(Crawled caption data)
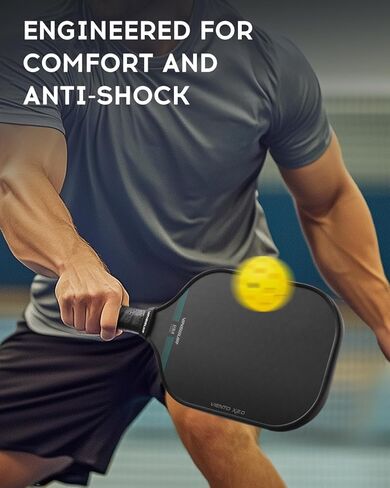 VINSGUIR Pickleball Paddle, Carbon Fiber Surface (CFS) High Grit & Spin, Pickle Ball Racket with 16MM Polypropylene Honeycomb Core and Elongated Handle, Ideal for Beginners and Professionals in Kuwait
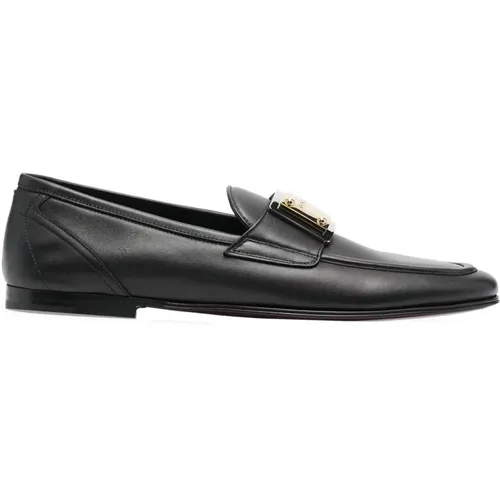 Leather Logo Loafers , male, Sizes: 6 UK, 5 1/2 UK - Dolce & Gabbana - Modalova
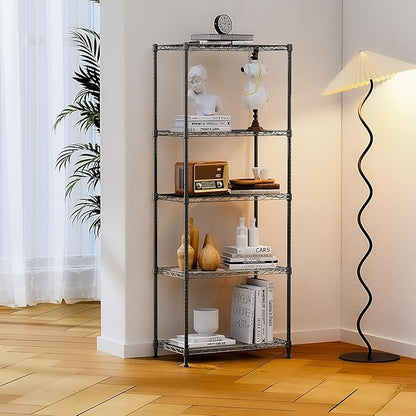 IZEUK 5-Tier Black Metal Storage Shelves, Adjustable Wire Shelving Unit for Kitchen, Bathroom, Pantry, Office, Garage, Organizer Wire Rack, 1250 lbs, 13.7" D x 23.6" W x 53.4" H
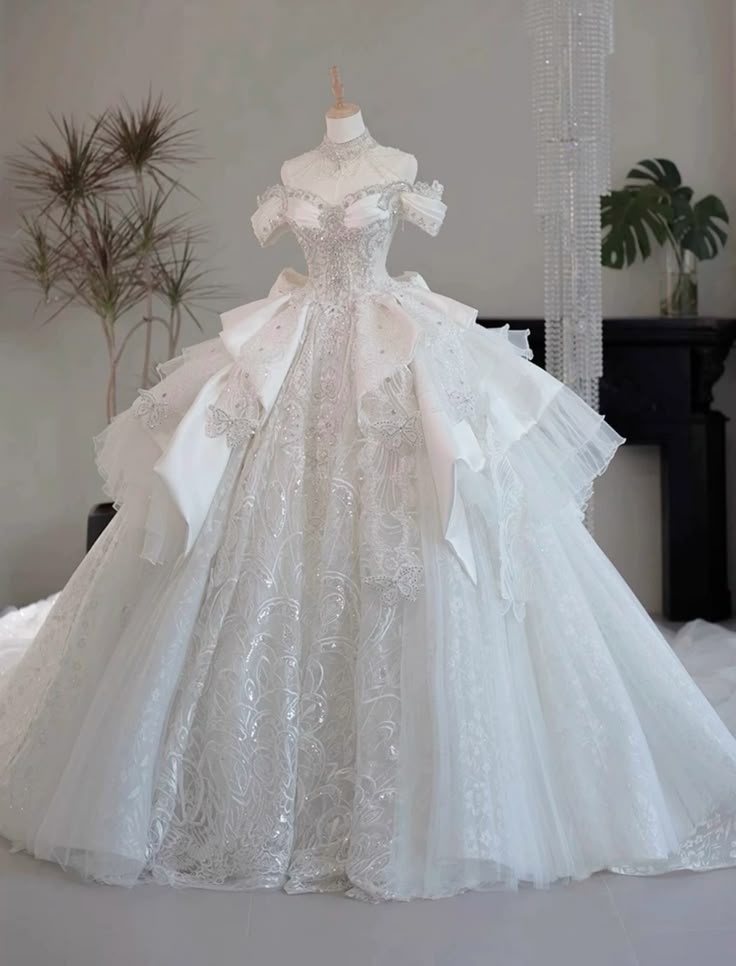 Dreamy Ball Gown Off The Shoulder Tulle Sequins Satin Lace Long Wedding Dress Fairy Formal Short Sleeves Wedding Dresses B144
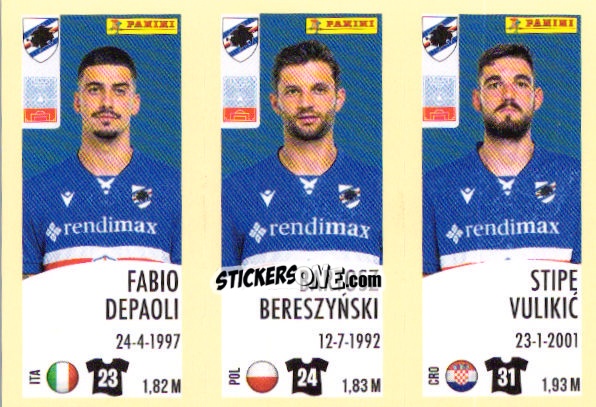 Sticker Fabio Depaoli / Bartosz Bereszynski / Stipe Vulikić - Calciatori 2024-2025 n. 654 - Panini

§ **TASK DETAILS**:
Every record is to be restated word for word, with the pictures left out.

§ **TASK OUTPUT**:
 VINSGUIR Pickleball Paddle, Carbon Fiber Surface (CFS) High Grit & Spin, Pickle Ball Racket with 16MM Polypropylene Honeycomb Core and Elongated Handle, Ideal for Beginners and Professionals in Kuwait
 Leather Logo Loafers , male, Sizes: 6 UK, 5 1/2 UK - Dolce & Gabbana - Modalova
 IZEUK 5-Tier Black Metal Storage Shelves, Adjustable Wire Shelving Unit for Kitchen, Bathroom, Pantry, Office, Garage, Organizer Wire Rack, 1250 lbs, 13.7" D x 23.6" W x 53.4" H
 Dreamy Ball Gown Off The Shoulder Tulle Sequins Satin Lace Long Wedding Dress Fairy Formal Short Sleeves Wedding Dresses B144
 Sticker Fabio Depaoli / Bartosz Bereszynski / Stipe Vulikić - Calciatori 2024-2025 n. 654 - Panini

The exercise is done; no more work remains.